But as I found out at the Las Vegas Speedway last week, there's a hell of a lot more to it than that - especially when you're behind the wheel of a 540bhp Shelby Mustang GT500.
This iconic model has been updated for 2010 with more tyre-shredding power and extra-aggressive looks, and it's perfect for quarter-mile drag racing, where it should be able to set a sub-12 second time.

Unlike most American cars, the 5.4-litre V8 GT500 is a manual not an automatic. Normally this would be a good thing for a race but, to be honest, the first time I pulled up on the start line, I was left wishing there wasn't a clutch to worry about. The perfect launch is all about balancing high revs with a sharp drop of the clutch to dart away from the line - you can win or lose the entire quarter-mile race here, and it's tricky to get right.

Unfortunately, my boy-racer approach of dialling in 5000rpm and side-stepping the clutch turned out to be a little excessive for a GT500 and I found myself merely creeping forward, engine roaring, smoke pouring off the rear tyres as they spun up wildly. Onlookers pointed and laughed and my opponent sprinted off to victory in an automatic Ford Taurus, which I don't mind telling you is a bit embarrassing when you're driving an angry-looking muscle car.

Second time around I left the traction control in sport mode (to avoid any further bogging-down embarrassment) but I was so busy fiddling with the settings, I missed the green light and set off about 2 seconds after my rival.

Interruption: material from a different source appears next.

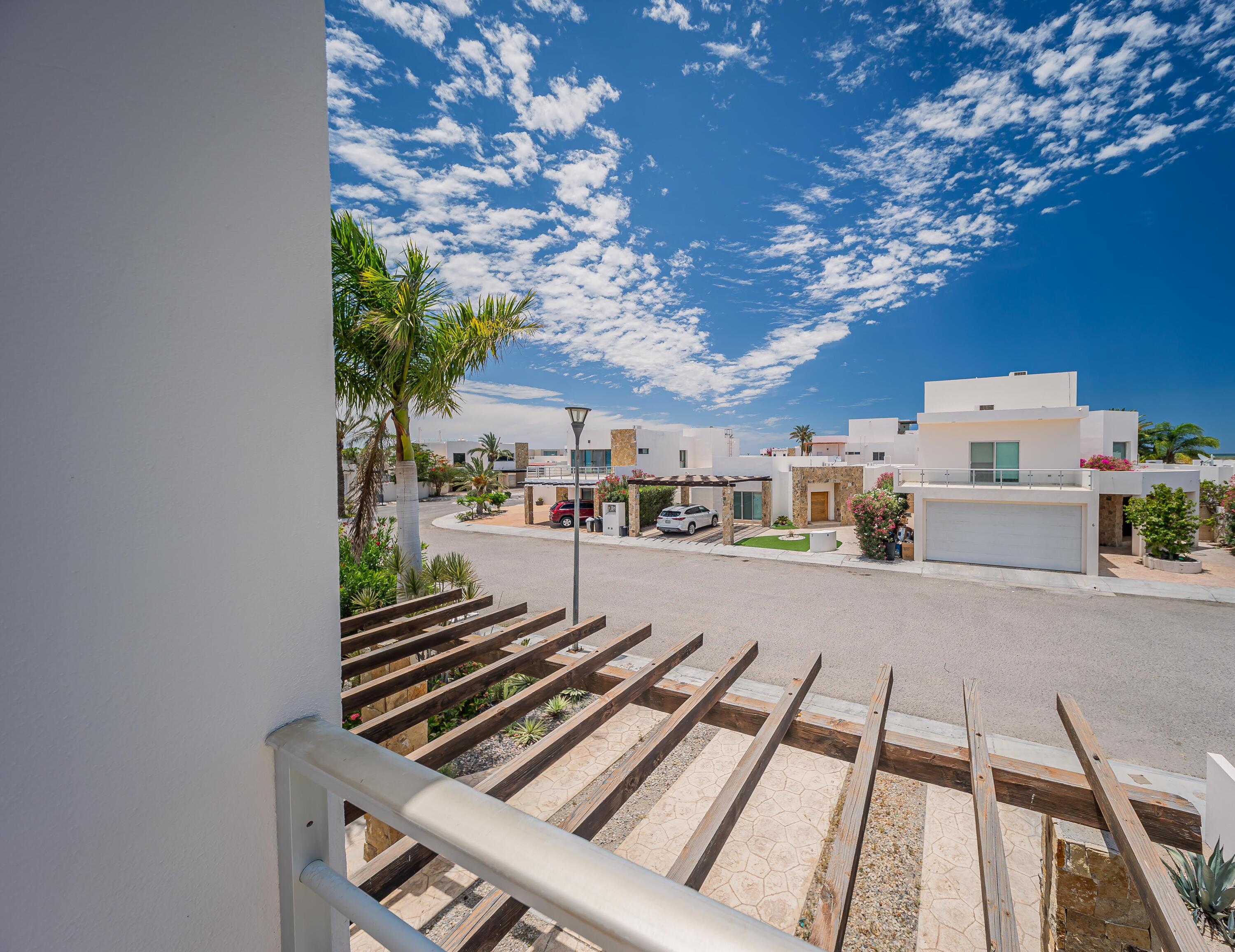 2, Casa Puerta Azul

Third time lucky, and while I was queuing up to start I remembered watching US drag racing on ESPN, where the pros performed a smoky burnout on their way to the line to warm the tyres and get more grip. I copied the idea, scaring the marshal at the start lights half to death as the Mustang fishtailed wildly towards him. But seconds later the green light flashed and I was away with my best launch of the day.

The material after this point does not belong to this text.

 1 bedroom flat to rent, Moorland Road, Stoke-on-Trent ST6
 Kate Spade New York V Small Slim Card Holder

The next few seconds were spent powering along the runway with the bonnet of my opponent's identical Shelby occasionally drifting into peripheral vision. Two gear changes are needed - you finish the race nearing the redline in third - but the Mustang's so powerful that, unless you execute each shift smoothly, it'll spin its rear tyres and bog down again. Finesse under pressure is required - every split second counts here.

With quarter of a mile covered and having rushed up to 120mph, we cross the line and I glance at my mirrors, only to discover that my rival fluffed his last gearchange and has dropped right back. Then I look forward again and realise I've now reached 130mph and need to get on the brakes hard before the wall at the end of the track gets any closer. My time is a very beatable 13.1 seconds (nowhere near our 12-second target) but I had won and the adrenaline was pumping, which was all that mattered.

If you can't get out to America to do some drag racing, check out the UK's Santa Pod drag strip, which operates 'Run What You Brung' days most weekends of the year. And if you ever move to America, where fuel is cheap and roads are wide, get yourself a Shelby Mustang GT500.